5. Worst: Thinking about falling asleep
People who feel stressed or anxious often have difficulty catching Zs, and it’s even worse if you’re concerned with sleep itself. The more you obsess about how you aren’t falling asleep, the worse the problem becomes because you’ll just get worked up. Suddenly, you’re more awake than you were the rest of the day. If you find yourself in this situation, getting out of bed is probably the best way to go. Find some sort of soothing activity to calm you down. Try reading something dull or assembling a puzzle. The more boring the activity, the better.

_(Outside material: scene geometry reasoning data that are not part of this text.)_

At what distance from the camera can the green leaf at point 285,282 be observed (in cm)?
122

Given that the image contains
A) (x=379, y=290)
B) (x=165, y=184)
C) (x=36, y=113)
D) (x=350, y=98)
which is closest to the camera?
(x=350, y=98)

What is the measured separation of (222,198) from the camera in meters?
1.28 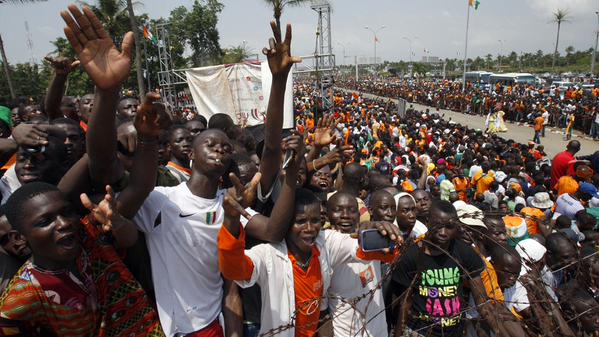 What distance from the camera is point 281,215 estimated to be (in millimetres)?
2018

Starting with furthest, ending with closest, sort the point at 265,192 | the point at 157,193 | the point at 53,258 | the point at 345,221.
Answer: the point at 345,221, the point at 265,192, the point at 157,193, the point at 53,258

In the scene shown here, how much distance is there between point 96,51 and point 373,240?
1.55m

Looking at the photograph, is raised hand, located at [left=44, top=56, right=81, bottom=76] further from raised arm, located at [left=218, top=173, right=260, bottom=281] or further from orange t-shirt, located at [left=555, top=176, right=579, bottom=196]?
orange t-shirt, located at [left=555, top=176, right=579, bottom=196]

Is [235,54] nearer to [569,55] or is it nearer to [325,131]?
[325,131]

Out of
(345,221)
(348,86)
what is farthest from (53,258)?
(348,86)

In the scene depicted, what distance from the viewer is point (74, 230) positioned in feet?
5.16

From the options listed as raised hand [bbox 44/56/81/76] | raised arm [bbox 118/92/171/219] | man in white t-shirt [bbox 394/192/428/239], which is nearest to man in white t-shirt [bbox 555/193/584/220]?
man in white t-shirt [bbox 394/192/428/239]

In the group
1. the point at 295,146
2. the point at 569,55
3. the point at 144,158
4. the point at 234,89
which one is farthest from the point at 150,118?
the point at 569,55

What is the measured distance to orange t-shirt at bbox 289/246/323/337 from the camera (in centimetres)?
212

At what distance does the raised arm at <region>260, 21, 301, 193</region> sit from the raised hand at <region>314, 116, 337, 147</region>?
17.8 inches

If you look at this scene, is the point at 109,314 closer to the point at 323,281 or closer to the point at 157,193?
the point at 157,193

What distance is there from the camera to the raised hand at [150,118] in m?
1.77

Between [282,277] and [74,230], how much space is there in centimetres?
104

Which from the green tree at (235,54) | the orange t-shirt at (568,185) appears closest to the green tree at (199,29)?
the green tree at (235,54) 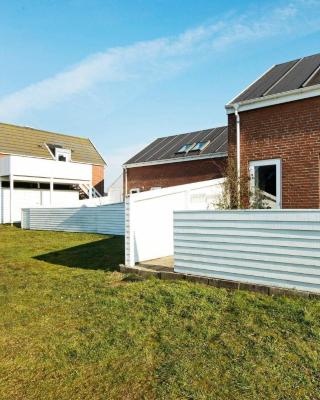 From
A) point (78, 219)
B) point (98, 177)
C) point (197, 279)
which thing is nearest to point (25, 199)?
point (78, 219)

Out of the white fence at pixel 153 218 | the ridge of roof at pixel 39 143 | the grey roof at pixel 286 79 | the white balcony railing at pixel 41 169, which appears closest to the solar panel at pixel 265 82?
the grey roof at pixel 286 79

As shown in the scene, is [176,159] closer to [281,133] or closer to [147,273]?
[281,133]

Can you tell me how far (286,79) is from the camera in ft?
37.1

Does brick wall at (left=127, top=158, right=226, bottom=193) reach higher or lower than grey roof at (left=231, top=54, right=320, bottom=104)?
lower

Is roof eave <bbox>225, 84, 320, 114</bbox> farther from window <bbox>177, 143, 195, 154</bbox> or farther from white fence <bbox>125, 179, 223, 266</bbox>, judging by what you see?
window <bbox>177, 143, 195, 154</bbox>

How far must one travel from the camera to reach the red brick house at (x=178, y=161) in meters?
21.4

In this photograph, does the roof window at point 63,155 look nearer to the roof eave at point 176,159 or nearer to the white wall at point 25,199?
the white wall at point 25,199

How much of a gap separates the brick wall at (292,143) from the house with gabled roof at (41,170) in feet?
52.3

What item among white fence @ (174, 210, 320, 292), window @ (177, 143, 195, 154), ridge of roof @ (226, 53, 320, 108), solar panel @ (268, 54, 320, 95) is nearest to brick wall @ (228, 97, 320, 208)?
ridge of roof @ (226, 53, 320, 108)

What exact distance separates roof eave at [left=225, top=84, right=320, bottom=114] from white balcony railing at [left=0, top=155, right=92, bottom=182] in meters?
16.9

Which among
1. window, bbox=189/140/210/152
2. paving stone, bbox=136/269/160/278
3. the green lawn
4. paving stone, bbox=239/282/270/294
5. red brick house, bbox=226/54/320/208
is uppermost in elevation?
window, bbox=189/140/210/152

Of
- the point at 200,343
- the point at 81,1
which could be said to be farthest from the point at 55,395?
the point at 81,1

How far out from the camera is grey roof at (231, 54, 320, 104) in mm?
10349

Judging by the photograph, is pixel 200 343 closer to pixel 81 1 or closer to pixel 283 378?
pixel 283 378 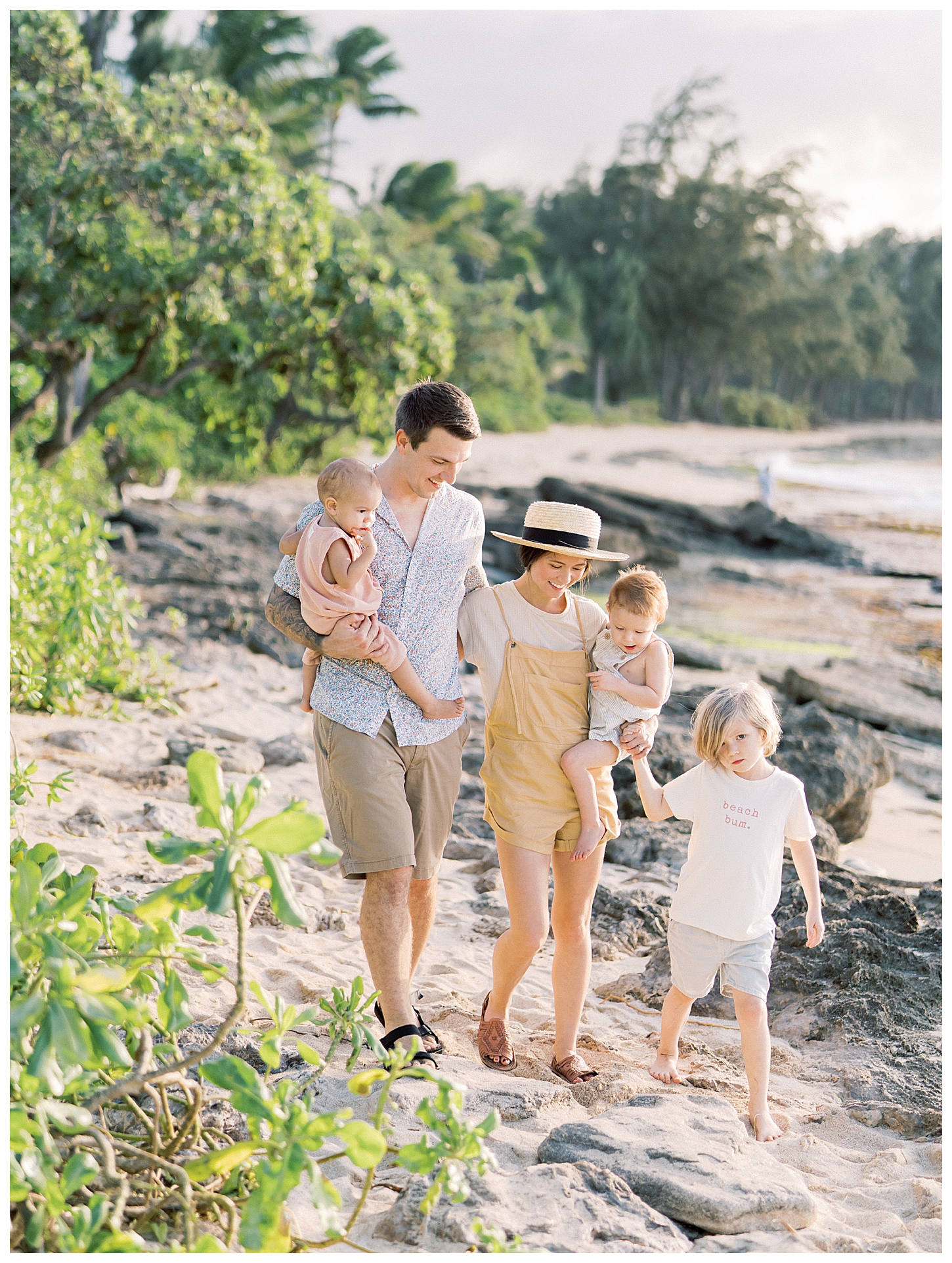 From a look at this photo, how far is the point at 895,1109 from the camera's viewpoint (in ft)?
9.89

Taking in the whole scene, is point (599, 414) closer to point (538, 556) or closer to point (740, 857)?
point (538, 556)

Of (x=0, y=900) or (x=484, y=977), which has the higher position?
(x=0, y=900)

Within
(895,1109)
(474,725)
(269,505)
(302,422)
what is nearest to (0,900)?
(895,1109)

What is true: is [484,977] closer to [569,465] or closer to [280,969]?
[280,969]

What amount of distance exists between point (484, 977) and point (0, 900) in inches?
87.1

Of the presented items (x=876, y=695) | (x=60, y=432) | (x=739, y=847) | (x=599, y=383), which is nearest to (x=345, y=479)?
(x=739, y=847)

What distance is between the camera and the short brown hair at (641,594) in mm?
2785

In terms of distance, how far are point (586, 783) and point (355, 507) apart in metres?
0.96

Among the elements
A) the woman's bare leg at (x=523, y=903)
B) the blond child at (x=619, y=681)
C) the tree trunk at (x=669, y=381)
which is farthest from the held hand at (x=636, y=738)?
the tree trunk at (x=669, y=381)

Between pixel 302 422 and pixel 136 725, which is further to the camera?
pixel 302 422

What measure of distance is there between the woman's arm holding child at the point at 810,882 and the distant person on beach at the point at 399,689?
3.18ft

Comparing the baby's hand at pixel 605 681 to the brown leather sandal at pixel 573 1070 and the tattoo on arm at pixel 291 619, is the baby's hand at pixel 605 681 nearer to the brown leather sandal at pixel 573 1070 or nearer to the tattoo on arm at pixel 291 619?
the tattoo on arm at pixel 291 619

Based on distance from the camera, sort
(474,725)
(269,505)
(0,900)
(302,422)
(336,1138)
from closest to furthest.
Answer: (0,900), (336,1138), (474,725), (269,505), (302,422)

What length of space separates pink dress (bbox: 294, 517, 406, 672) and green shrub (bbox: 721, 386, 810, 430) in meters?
47.0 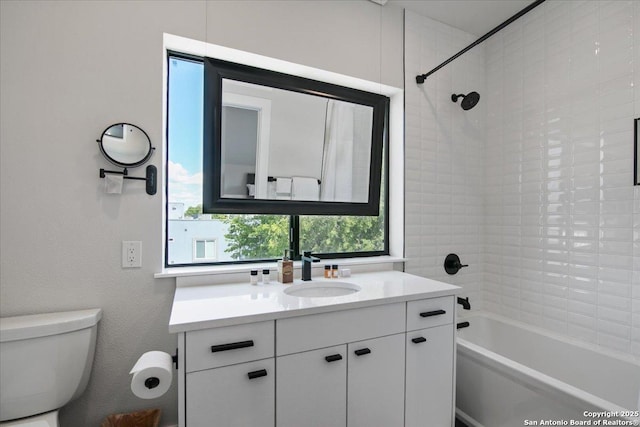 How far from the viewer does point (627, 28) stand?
1.78 meters

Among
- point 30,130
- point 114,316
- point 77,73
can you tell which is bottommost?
point 114,316

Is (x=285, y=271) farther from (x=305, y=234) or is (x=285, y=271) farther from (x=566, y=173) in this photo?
(x=566, y=173)

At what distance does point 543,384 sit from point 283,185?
67.0 inches

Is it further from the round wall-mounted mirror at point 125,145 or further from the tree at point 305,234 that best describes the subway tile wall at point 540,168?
the round wall-mounted mirror at point 125,145

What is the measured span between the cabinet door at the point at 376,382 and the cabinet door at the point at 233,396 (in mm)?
376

6. Best: Turn down the heat
Now for what you should do, starting with temperature. A toasty bedroom can help you nod off, but the same temperature after a few hours isn’t going to be nearly as helpful. Dr. Rachel Salas, a neurologist, tells Men’s Health the ideal temperature typically falls somewhere between 65 and 69 degrees Fahrenheit. While that may seem on the chilly side, your core temperature drops when you sleep. If you feel comfortable when you doze off, you’ll likely wake up sweaty in a few hours. You’ll probably have to adjust the temperature a bit until you find the ideal setting.
7. Best: Be consistent
Keeping a consistent schedule is a pretty easy tip to normalize your sleep cycle. Unfortunately, few people actually follow through. A great TV show might sail past your usual bedtime and there’s always the temptation to sleep in hours past your regular waking time on the weekend. Frequently altering the time you turn out the lights as well as the time you get out of bed makes it nearly impossible to settle into a rhythm. According to BBC Science, these changes especially disrupt our deepest, most restful sleep. If you really want to snooze a bit longer on the weekends, keep it to no later than 90 minutes past your typical wake time.

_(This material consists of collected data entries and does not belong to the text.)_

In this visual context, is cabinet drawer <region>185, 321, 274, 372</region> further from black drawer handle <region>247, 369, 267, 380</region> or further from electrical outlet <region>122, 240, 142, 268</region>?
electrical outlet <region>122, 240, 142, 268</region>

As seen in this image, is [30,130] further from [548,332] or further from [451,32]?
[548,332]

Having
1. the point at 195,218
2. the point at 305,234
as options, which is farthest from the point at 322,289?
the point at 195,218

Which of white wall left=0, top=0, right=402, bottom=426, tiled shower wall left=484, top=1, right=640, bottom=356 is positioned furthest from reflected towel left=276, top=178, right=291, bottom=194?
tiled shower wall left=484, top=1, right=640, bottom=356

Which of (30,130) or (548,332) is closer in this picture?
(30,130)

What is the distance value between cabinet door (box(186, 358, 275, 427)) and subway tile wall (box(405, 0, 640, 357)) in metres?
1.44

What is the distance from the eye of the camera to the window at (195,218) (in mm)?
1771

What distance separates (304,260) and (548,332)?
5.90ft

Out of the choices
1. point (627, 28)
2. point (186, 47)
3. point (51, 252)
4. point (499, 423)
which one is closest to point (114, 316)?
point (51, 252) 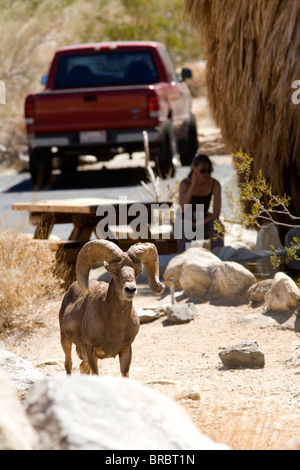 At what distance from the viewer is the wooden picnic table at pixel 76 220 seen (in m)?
8.92

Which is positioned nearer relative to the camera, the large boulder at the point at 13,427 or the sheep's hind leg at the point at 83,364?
the large boulder at the point at 13,427

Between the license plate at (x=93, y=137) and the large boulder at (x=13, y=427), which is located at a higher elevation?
the large boulder at (x=13, y=427)

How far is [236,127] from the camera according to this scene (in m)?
9.33

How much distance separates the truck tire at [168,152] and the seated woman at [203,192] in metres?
→ 4.03

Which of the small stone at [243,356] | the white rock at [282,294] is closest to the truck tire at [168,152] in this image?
the white rock at [282,294]

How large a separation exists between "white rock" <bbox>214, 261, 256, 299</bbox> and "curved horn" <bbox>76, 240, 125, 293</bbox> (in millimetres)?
3044

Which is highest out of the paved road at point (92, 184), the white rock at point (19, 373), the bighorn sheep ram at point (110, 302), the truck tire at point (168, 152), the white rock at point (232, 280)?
the bighorn sheep ram at point (110, 302)

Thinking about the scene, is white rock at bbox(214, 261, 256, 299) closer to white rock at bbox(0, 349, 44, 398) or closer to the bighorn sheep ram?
the bighorn sheep ram

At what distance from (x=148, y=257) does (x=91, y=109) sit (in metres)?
8.46

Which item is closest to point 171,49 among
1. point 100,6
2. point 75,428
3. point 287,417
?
point 100,6

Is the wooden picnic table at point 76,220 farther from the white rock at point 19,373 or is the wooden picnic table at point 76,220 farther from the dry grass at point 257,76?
the white rock at point 19,373

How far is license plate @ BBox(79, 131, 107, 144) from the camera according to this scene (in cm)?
1329

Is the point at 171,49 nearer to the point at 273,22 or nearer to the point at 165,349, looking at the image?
the point at 273,22

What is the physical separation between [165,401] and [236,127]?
637 centimetres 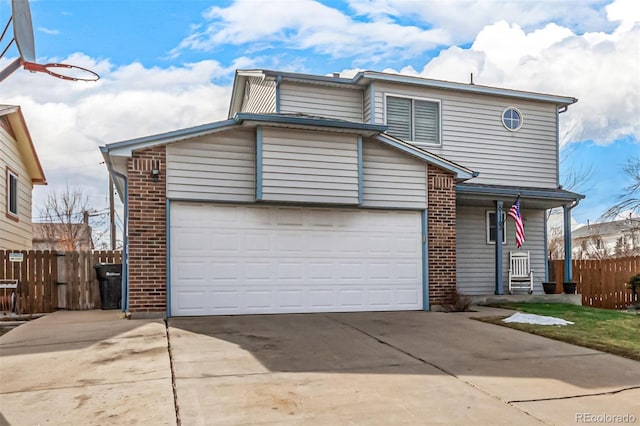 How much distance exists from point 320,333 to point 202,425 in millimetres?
4012

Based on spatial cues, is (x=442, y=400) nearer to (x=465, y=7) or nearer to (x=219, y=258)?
(x=219, y=258)

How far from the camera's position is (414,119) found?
45.8 ft

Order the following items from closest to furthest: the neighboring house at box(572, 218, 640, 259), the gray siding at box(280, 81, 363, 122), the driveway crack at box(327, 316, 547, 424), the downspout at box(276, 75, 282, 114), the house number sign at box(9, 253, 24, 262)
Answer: the driveway crack at box(327, 316, 547, 424)
the house number sign at box(9, 253, 24, 262)
the downspout at box(276, 75, 282, 114)
the gray siding at box(280, 81, 363, 122)
the neighboring house at box(572, 218, 640, 259)

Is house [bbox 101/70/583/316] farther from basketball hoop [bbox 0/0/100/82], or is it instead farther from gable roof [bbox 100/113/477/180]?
basketball hoop [bbox 0/0/100/82]

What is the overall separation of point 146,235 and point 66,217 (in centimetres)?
2262

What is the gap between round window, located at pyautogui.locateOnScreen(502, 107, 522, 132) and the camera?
49.1ft

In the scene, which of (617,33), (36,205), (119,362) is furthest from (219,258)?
(36,205)

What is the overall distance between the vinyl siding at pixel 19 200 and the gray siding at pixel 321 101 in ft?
25.6

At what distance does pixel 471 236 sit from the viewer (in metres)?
14.5

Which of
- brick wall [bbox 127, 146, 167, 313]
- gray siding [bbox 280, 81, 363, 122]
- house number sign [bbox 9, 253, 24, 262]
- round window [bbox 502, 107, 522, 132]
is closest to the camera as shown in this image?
brick wall [bbox 127, 146, 167, 313]

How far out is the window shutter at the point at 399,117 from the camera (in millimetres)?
13688

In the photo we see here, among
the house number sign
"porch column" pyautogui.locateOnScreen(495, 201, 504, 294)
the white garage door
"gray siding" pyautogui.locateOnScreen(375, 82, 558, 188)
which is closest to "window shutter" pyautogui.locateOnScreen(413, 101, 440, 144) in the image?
"gray siding" pyautogui.locateOnScreen(375, 82, 558, 188)

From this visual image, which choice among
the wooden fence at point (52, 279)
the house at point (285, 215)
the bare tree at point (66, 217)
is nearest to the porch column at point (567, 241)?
the house at point (285, 215)

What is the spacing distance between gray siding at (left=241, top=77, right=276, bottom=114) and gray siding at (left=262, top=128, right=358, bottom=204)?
3389 millimetres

8. Best: Design your bedroom for sleep
Though the bedroom of your dreams might include a 50-inch TV, keeping such forms of entertainment in the place where you sleep isn’t a good idea. It’s too tempting to stay up late watching shows. The same goes for computers and other electronics. Keeping your bedroom designated as a sleeping zone will help you separate from all these stimuli, reminding you and your body it’s time to hit the hay.
And keep in mind, your room should be a sleep-only zone for you, not you and your pet. Having Mr. Tibbles walk all over you as you’re trying to drift off isn’t going to be very helpful, so your bed should be off limits. If your dog or cat can’t stand to be away, set up a pet bed in the corner.
9. Best: Keep naps short
Supplementing your regular nighttime sleep with a nap here or there is only going to be a useful strategy if you do it the right way. For the most part, they need to be on the short side. A study published in Current Opinion in Pulmonary Medicine found naps ranging from 10 to 30 minutes can make you feel more awake and promote alertness. Anything much longer than a half hour, on the other hand, can make you feel even more tired and can disrupt your nighttime sleep.
10. Best: Eat right
Eating a balanced diet can help you maintain your weight, reduce cravings, and help improve the quality of your sleep. Everyday Health explains sticking to healthy foods, including those rich in B vitamins and complex carbohydrates, will help you doze off while foods with too much sugar or caffeine will make you feel buzzed. Need some ideas? Try cherries, salmon, or tea.